::: SUPPLIED DATA :::

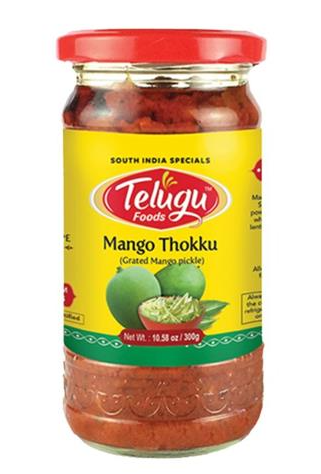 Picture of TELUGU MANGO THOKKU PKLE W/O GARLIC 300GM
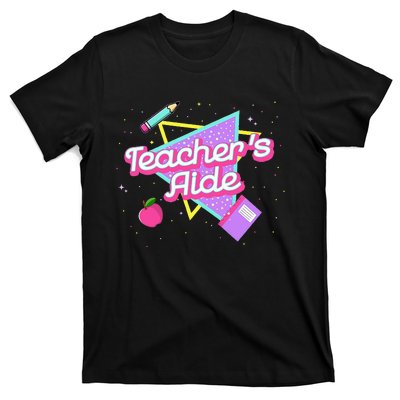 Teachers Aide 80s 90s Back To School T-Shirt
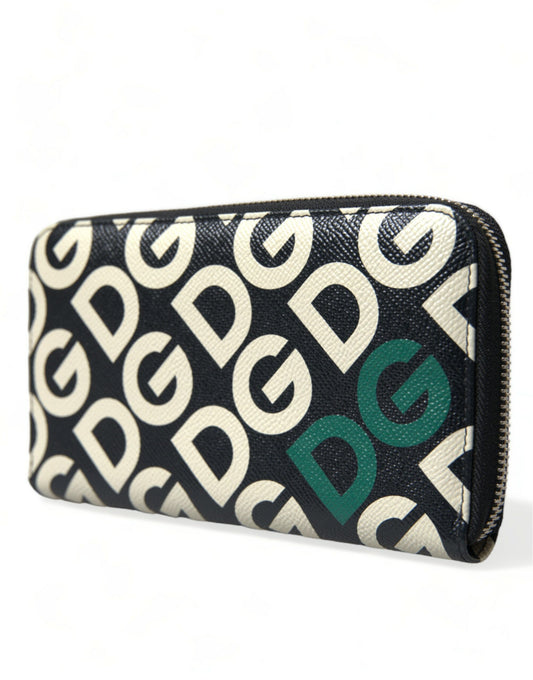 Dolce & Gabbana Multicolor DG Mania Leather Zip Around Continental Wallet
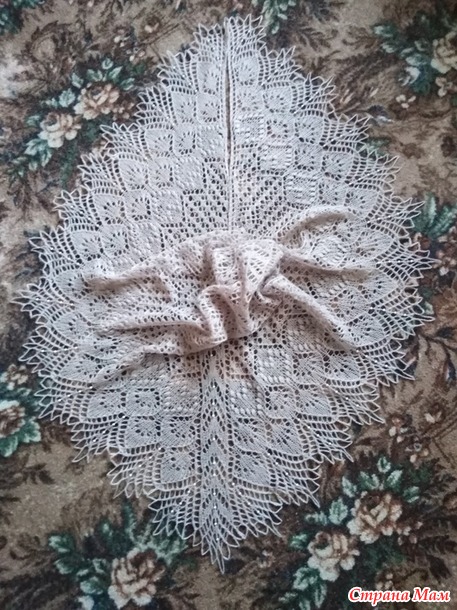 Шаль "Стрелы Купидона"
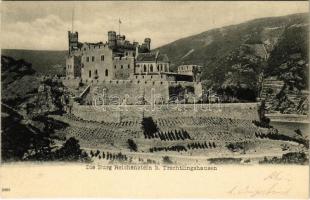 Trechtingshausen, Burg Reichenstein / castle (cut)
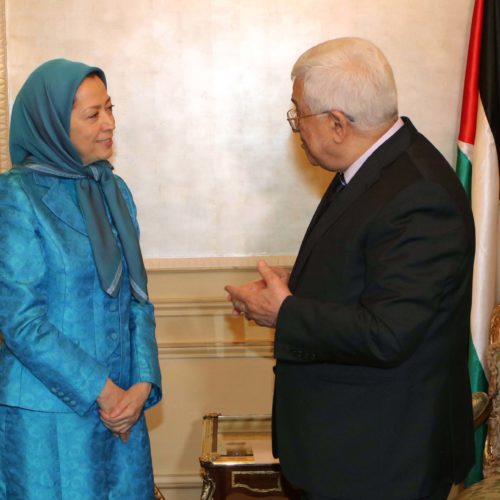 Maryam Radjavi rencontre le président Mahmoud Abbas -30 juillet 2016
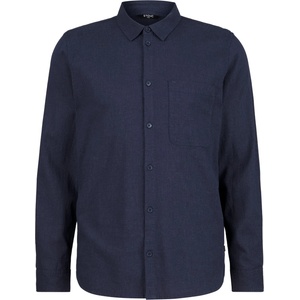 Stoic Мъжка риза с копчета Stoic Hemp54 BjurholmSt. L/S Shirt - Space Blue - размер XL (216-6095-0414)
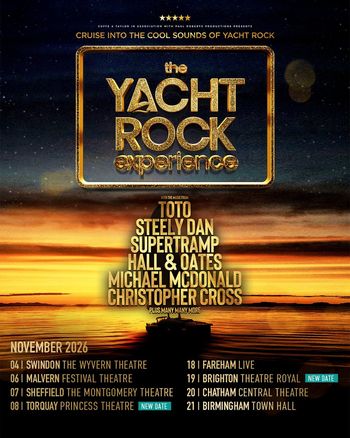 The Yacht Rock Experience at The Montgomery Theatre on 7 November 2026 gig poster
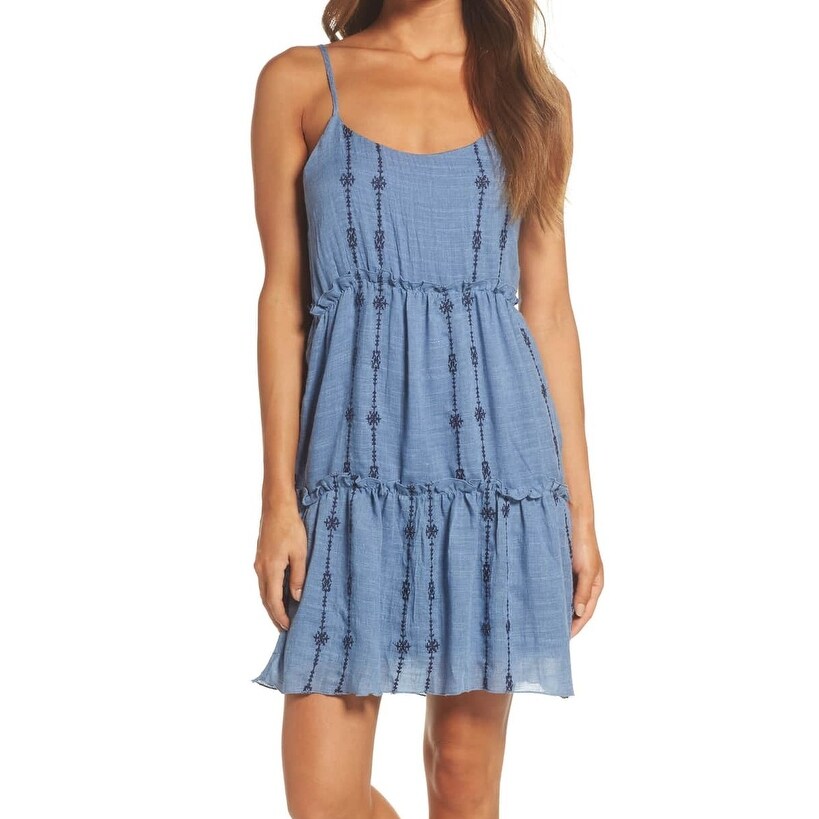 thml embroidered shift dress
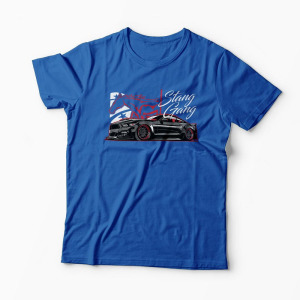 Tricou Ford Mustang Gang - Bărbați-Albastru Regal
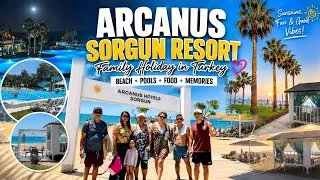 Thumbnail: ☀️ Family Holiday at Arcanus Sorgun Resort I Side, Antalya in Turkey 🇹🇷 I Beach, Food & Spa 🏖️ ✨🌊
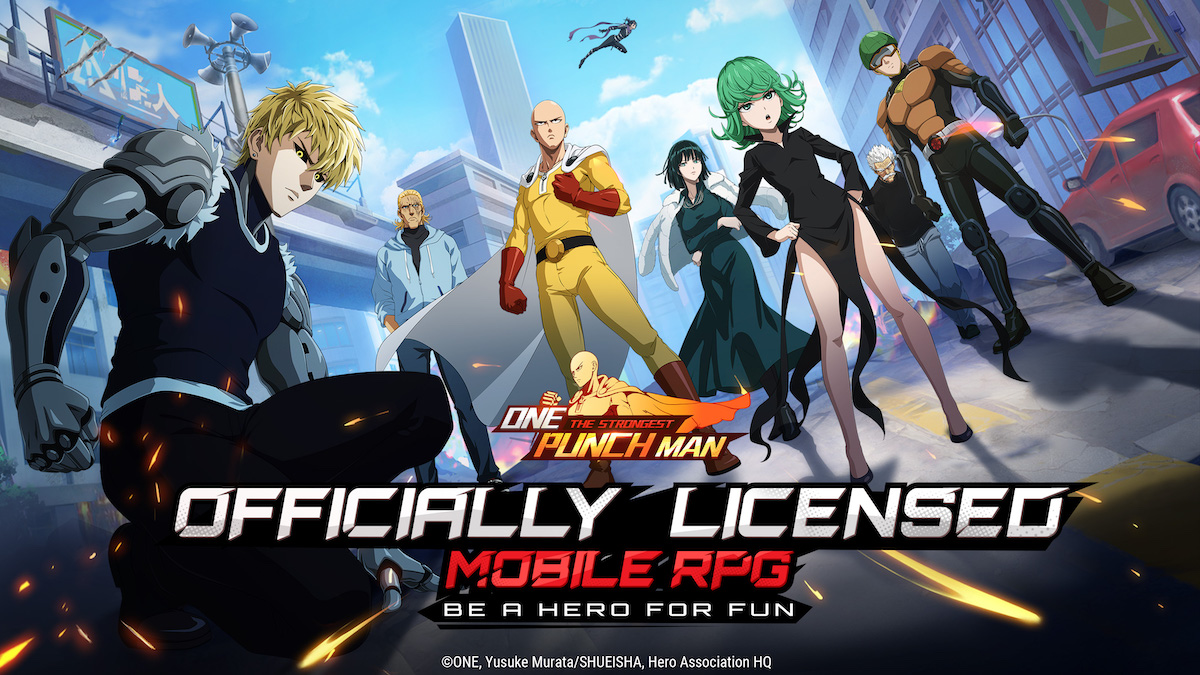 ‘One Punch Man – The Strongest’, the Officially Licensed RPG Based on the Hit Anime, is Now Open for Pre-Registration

:::
::: SUPPLIED DATA :::

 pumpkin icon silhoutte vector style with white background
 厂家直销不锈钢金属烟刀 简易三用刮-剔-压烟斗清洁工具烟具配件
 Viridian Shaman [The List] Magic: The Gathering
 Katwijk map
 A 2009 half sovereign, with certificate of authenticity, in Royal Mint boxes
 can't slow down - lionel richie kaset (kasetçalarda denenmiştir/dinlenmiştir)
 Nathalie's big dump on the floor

:::

ACTION ITEM. Check each line of the entries, and copy the ones that contain "with".

WRITTEN SOLUTION.
 pumpkin icon silhoutte vector style with white background
 A 2009 half sovereign, with certificate of authenticity, in Royal Mint boxes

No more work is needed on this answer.